Question

Solve the following equation and check your results: \[x = \dfrac{4}{5}\left( {x + 10} \right)\]

Answer 1

Hint: Here, we will first add or subtract the above equation to get all the variable terms on one side and the constants on the other. Then we will simplify the obtained equation to find the required value.
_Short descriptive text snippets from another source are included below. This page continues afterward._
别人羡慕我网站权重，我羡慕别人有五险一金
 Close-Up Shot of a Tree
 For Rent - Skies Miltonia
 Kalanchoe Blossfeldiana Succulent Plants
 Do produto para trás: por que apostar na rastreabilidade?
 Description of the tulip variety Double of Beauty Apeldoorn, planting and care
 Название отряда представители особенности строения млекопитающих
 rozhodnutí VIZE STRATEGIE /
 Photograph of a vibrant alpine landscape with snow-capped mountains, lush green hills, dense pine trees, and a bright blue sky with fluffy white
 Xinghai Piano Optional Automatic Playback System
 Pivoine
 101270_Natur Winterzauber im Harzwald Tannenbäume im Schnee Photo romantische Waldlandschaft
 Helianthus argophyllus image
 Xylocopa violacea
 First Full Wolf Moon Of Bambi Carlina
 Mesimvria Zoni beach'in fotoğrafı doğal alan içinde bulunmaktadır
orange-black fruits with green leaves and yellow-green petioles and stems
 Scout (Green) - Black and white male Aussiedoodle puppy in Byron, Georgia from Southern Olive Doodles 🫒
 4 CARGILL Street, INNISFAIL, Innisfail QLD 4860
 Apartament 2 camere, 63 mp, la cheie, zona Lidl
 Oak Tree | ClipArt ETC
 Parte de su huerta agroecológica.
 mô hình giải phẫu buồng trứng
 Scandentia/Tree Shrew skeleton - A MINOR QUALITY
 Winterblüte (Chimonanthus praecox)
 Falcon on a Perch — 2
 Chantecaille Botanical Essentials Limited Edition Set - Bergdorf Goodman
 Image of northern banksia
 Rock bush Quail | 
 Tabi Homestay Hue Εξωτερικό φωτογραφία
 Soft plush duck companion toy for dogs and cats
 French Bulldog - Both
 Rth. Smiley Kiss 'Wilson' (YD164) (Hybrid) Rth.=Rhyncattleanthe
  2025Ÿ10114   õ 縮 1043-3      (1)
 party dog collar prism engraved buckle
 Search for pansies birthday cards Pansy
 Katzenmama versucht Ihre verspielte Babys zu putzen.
Now we will substitute the obtained value of \[x\] in the left hand side and right hand side of the equation separately to check our result if both the sides are equal.

Complete step-by-step answer:
We are given that the equation is
\[x = \dfrac{4}{5}\left( {x + 10} \right){\text{ ......eq(1)}}\]
We know that an equation tells us that two of sides are equal with some variables and constants.
Multiplying the above equation by 5 on both sides, we get
\[
   \Rightarrow 5x = 5\left[ {\dfrac{4}{5}\left( {x + 10} \right)} \right] \\
   \Rightarrow 5x = 4\left( {x + 10} \right) \\
   \Rightarrow 5x = 4 \times x + 4 \times 10 \\
   \Rightarrow 5x = 4x + 40 \\
 \]
Subtracting the above equation by \[4x\] on both sides, we get
\[
   \Rightarrow 5x - 4x = 4x + 40 - 4x \\
   \Rightarrow x = 40 \\
 \]
We will now check the above value of \[x\] in the equation (1) is the solution of this equation.
We know that a solution is a value we can put in place of a variable that makes the equation true, that is, the left hand side is equal to the right hand side in the equation.
Substituting the value of \[x\] in the left hand side of the equation (1), we get
\[ \Rightarrow 40\]
Replacing 40 for \[x\] in the right hand side of the equation (1), we get
\[
   \Rightarrow \dfrac{4}{5}\left( {40 + 10} \right) \\
   \Rightarrow \dfrac{4}{5}\left( {50} \right) \\
   \Rightarrow 4 \times 10 \\
   \Rightarrow 40 \\
 \]
Therefore, LHS is equal to RHS.
Hence, proved.

Note: Students forget to check the answer, which is an incomplete solution for this problem. One should know that if there is only one variable in the equation with the general form \[ax + b = c\], where \[a\], \[b\] and \[c\] are real numbers and \[a \ne 0\]. We have used here the balancing method to solve it, as we have added or subtracted with the same number on both sides without disturbing the balance to find the solution. Avoid calculation mistakes.